Thomas Tuchel’s approach to youth training is an interesting one…
Now managing Paris Saint-Germain, the 45-year-old German coach has a wealth of experience in youth coaching having developed with clubs such as Stuttgart, Mainz and Augsburg, before moving to Borussia Dortmund and, during the summer, to PSG.
While he was manager at Dortmund in October 2015 he was invited to speak at the Aspire Academy Football Performance and Science event and he was asked about his approach to youth training and he revealed the one thing that he would do now if he went back into youth coaching.
Although the interview is exactly from three years ago, it’s still pertinent today and worth considering for any coaches who might just be making life for their players too easy.
Tuchel said: “To me football is an absolute team sport and that’s why you can not train individually only to a certain extent. Of course we have specific exercises for forwards and defenders, but that is just a small part of the overall training.
‘Talented people are good at solving problems’
“But I am a fan of practicing everything in a very complex way and always having the team together.
“It is not really a philosophy. I have just not found a simple way of practicing with the forwards or the defenders on their own. And then just putting them together on the weekend.
“They all have to interact with each other.”
Tuchel is convinced that problem solving is the way for players to develop and believes making things easy for young players can have a detrimental effect.
“Talented people are good at solving problems, and if I were to go back to being a youth trainer now, one thing I would tell youth coaches is that they make the life for their talents as difficult as possible. Because overcoming obstacles is the most important thing for talented players,” said Tuchel.
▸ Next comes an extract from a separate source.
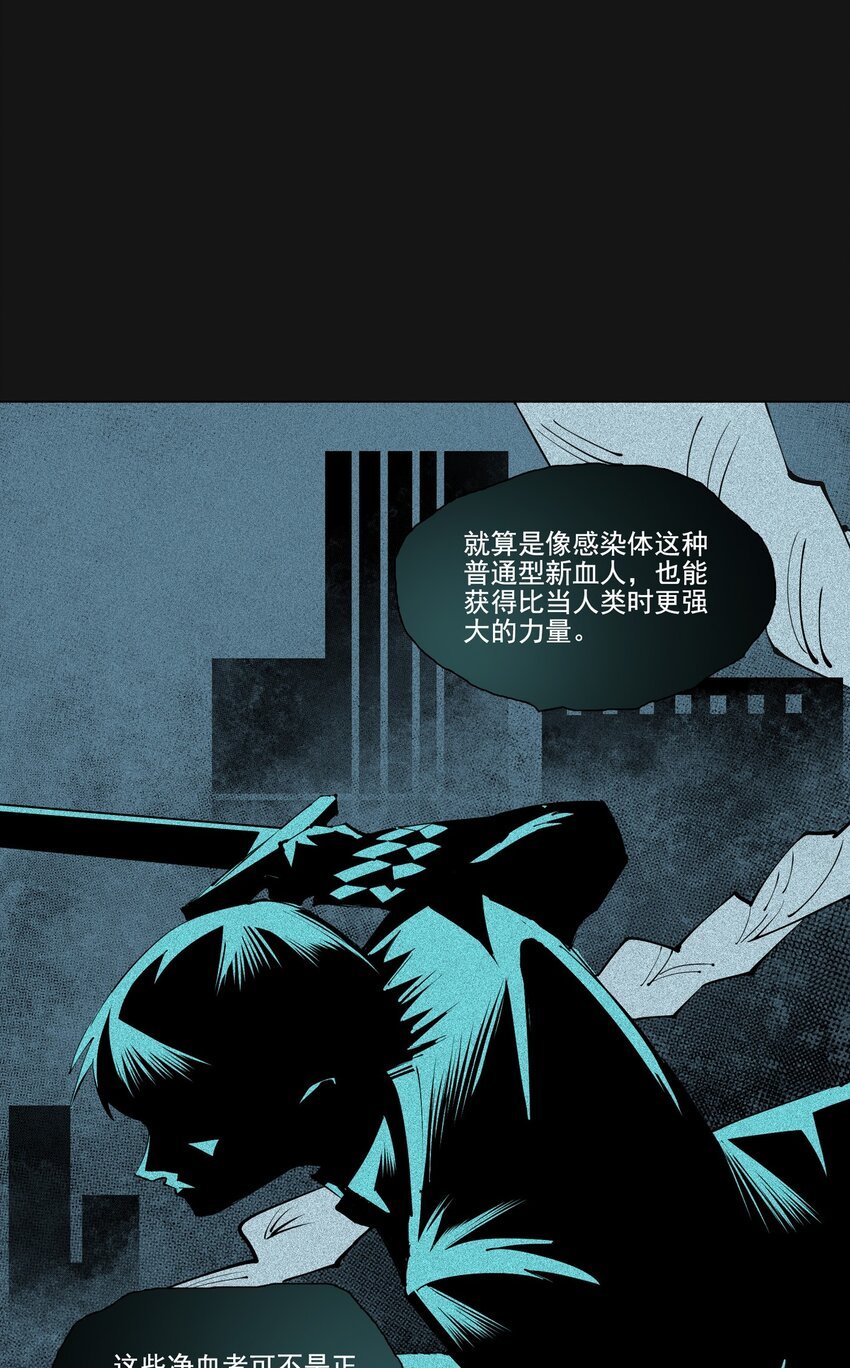 110 混乱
‘Putting them in comfort zones is a risk’
“Investing in the youth is very good and the establishment of academies contributed a lot to the current success of the German national team. It’s great we can offer them these great possibilities at academies, but putting them in this comfort zone also comes with a big risk.
“The effect could be that something is missing, the skill to overcome obstacles.
“Who is able to overcome obstacles? Who is able to perform even if the locker room does not have air conditioning?
“Who can perform if the laundry is not done automatically or if his transport to training is not arranged and if he has to organize it himself?
“Where are the hidden talents of the players beside the ones that are obvious?
“And there is one unforgettable thing I heard from a youth director of FC Barcelona when Andres Iniesta joined the academy. He told his youth coaches: ‘Don’t try to improve him. Just take care of him’.”
Tuchel is well aware that some of the game’s brightest talents may well have just inherited their talent, but he still believes challenging even these players is the way forward.
Tuched added: “I was coaching national team players like Sami Khedira. Andi Beck and Serdar Tasci when they were playing in my U15 team. But maybe an amateur could have coached them and they would have come professional players.
“Who can say to what extent I had a part in their development?
“Maybe it’s true that those who turn out to be special have something special inside of them. And that it’s more about challenging them on a regular basis and it’s our job to motivate them to be eager to overcome obstacles. And we should give them advice and go the way with them.”